Blaska believes his best bit of luck was finding MetalworX in Waterloo, Wisconsin, which serves as Blaska’s product fabricator and distributor. He said:
“Larry Waldo owns and operates a 15,000-sq.-ft. computer numerically controlled milling and metal fabrication facility, and his son, Joel, provides SolidWorks fabrication design support. Their combination was the perfect fit for Smart Elevator Tech.”
When asked about work challenges, Blaska says there aren’t enough hours in the day. “For elevator engineering, I’ve had to become more selective about the jobs I take. I prefer the more technically complex alterations, where I feel I can add the most value,” he explained. Regarding professional strengths and what he finds most rewarding about his job, Blaska believes his passion for his work is above all. He added:
“I love working out a difficult layout or bracket design, which I tend to visualize in my mind before drawing it in CAD. For my products, my sales experience has been very helpful. And, as I’m the inventor of each product, no one can know the product better. Seeing my products being installed in such important places as the Statue of Liberty, the One World Trade Center and a historical Washington, D.C., building is very rewarding.”
When asked about the advice he would give someone considering a career in the elevator industry, Blaska says, “Make yourself as valuable as you can. If you are coming into the field, take courses that can enhance your skills, such as welding, electrical engineering, etc.” He also believes it is important to learn as much as possible about the technical aspects of elevators and escalators. “Learn the codes, figure out how the equipment works, attend the trade shows, and ask questions of the seniors around you,” Blaska added.

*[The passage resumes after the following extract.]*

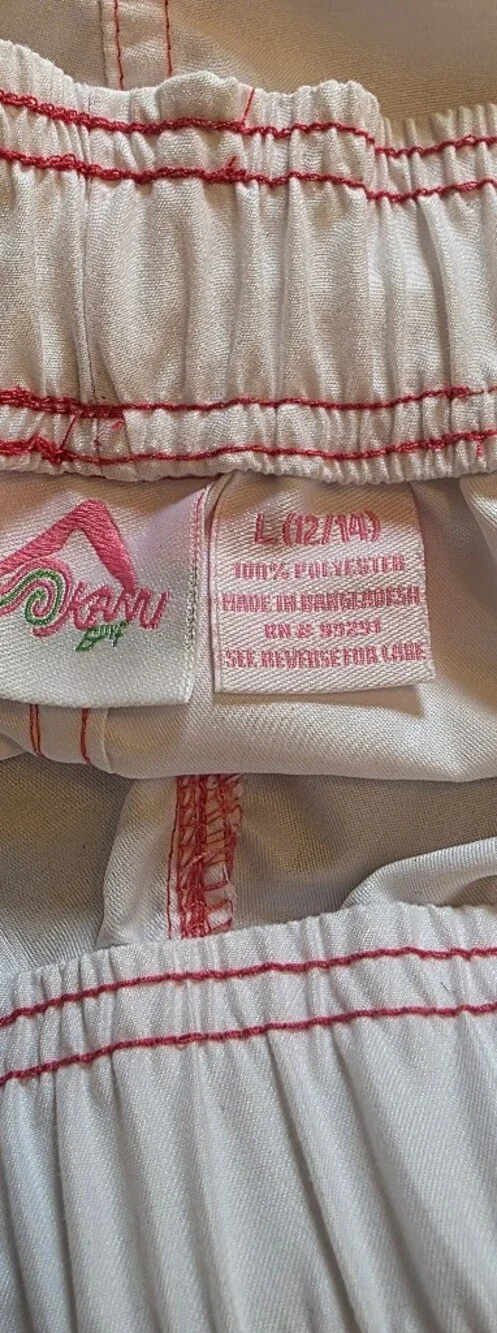 Kanu Surf lightweight white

In his spare time, Blaska enjoys vacationing with his wife, Margaret, and daughter, Jacqueline. Blaska said:
“Last summer, we went to Peru. We recently purchased a weekend getaway in the wine country, which overlooks a vineyard and the distant Mount Sonoma. The neighboring rancher occasionally runs his bulls in a paddock along our fence, which brings back memories of my life on the farm.” When asked about retirement, Blaska insists working for himself is advantageous when it comes to planning time off: “In time, I will become more selective about the jobs I take on. I’ve still got a lot of years left in me, health permitting. I plan to go out with my boots on.”